On the afternoon of 09/18/2010, the Orthopedic team presented again back to the patient's room, to have her reconsider her choices, and to present her with AMA paperwork to be filled out. If she was going to leave against medical orders, we were going to have her PICC line removed for her own personal safety. However, we found her eloped and off the floor. All of her personal belongings were removed, and she was given elopement status on the day. The patient was never given any discharge instructions, although these were clearly available in her chart, and the nurses were prepared to provide her with our discharge instructions. A copy of our intended patient discharge instructions are available in the eBrowser. However, clearly the patient due to her elopement, never received these and refused any further treatment, she left prior to completing AMA forms.

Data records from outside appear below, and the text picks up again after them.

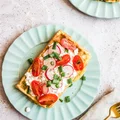 Bezglutenowe gofry z ciecierzycy i cukinii z twarożkiem
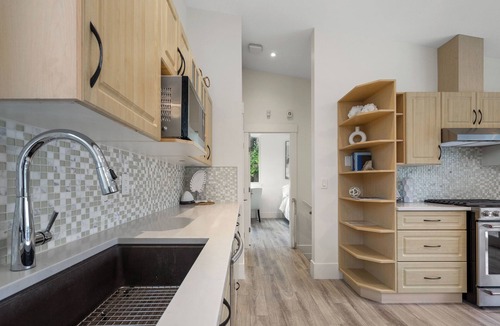 Walnut Grove Apartment | Estate Style Property 2 Bed 1 Bath Coach Home Fort Langley/Walnut Grove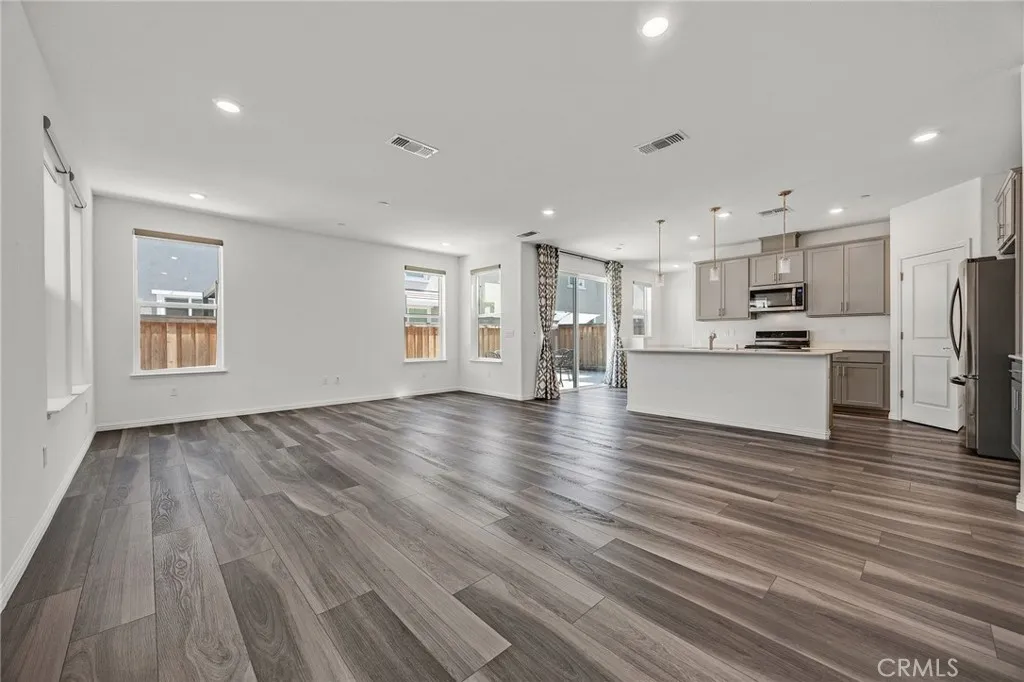 237 Goose Creek Avenue, Brentwood, California 94513 home-pic-4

KARL M SCHWEITZER, MD Department of Orthopaedics
ELECTRONICALLY SIGNED ON
September 19, 2010 AT 4:14:47 PM
Michael P. Bolognesi, MD
Department of Orthopaedics ELECTRONICALLY SIGNED ON
September 22, 2010 AT 3:27:17 AM
DD: 09/18/2010 DT: 09/18/2010 MEDQ/JOB: 249256/435034243
When I presented to Dr. Michael Bolognesi's clinic three days after the discharge (September 21, 2010), my wound looked like this:
And Dr. Bolognesi signed off on the Elopement Report (that never mentions the open wound) and faxed it to UNC Orthopedics on September 22, 2010. Why?

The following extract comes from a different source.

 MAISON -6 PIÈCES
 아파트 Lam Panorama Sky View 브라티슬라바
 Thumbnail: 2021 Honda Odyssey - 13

This open wound was what I wanted Dr. Karl Schweitzer or any physician to examine while I was still at Duke Hospital. Nowhere in Dr. Schweitzer's fantasy "elopement report" does he mention my open osteomyelitis wound. The stitches were popping out and I was scared and in pain.
What was the end game for Duke? Why were they ignoring the osteomyelitis and the open wound? Why would they risk a federal HIPAA violation by sending UNC and Cleveland Clinic a ridiculous and unauthorized "elopement report"?
Is it that Duke does not want me to get medical care? That seems cruel.
Is it that the hydraulic oil issue from December 2004 also included surgical patients at Duke University Hospital? Maybe.